[EXERCISE]: Exactly as written, print out each entry in the data, with no pictures.

[THE RECORDS]:
◇ ◇ ◇ ◇ ◇ ◇ ◇

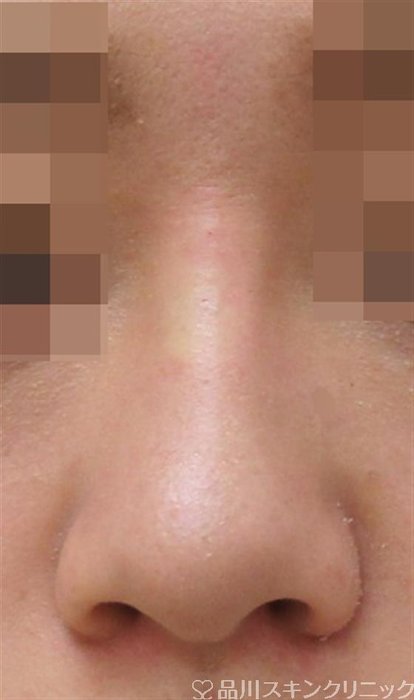 症例NO.42154のAFTER写真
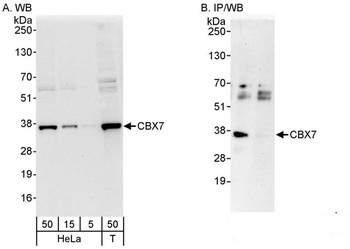 Rabbit CBX7 Antibody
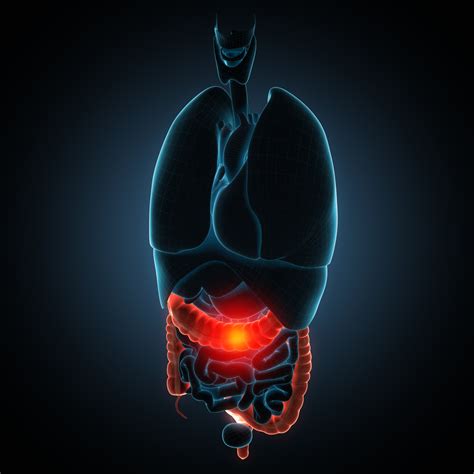 Combined Immunotherapy May Work for Certain Colorectal Cancer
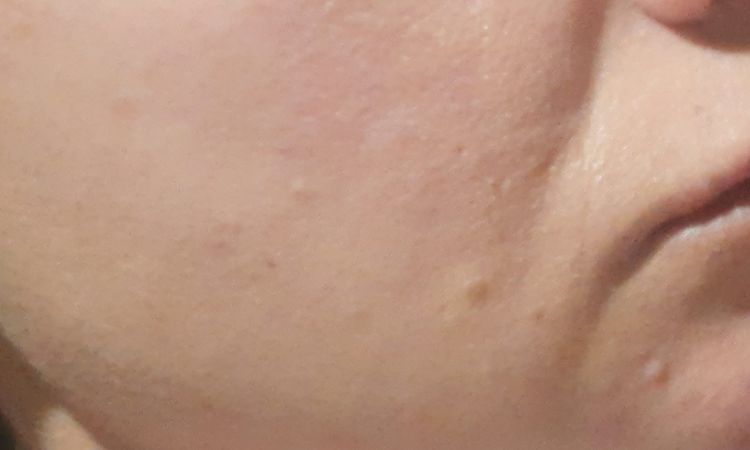 Ból policzka po kwasie hialuronowym - 83984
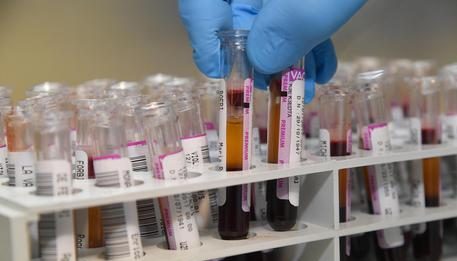 Coronavirus: Sicilia, 156 contagiati nelle ultime 24 ore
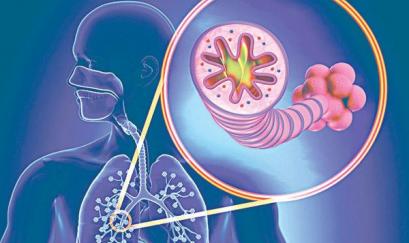 Chẩn đoán và Điều trị COPD theo Gold 2015-2018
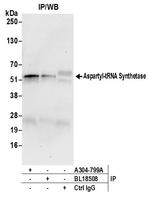 Aspartyl-tRNA Synthetase/DARS Antibody in Immunoprecipitation (IP)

◇ ◇ ◇ ◇ ◇ ◇ ◇

[YOUR SOLUTION]:
 症例NO.42154のAFTER写真
 Rabbit CBX7 Antibody
 Combined Immunotherapy May Work for Certain Colorectal Cancer
 Ból policzka po kwasie hialuronowym - 83984
 Coronavirus: Sicilia, 156 contagiati nelle ultime 24 ore
 Chẩn đoán và Điều trị COPD theo Gold 2015-2018
 Aspartyl-tRNA Synthetase/DARS Antibody in Immunoprecipitation (IP)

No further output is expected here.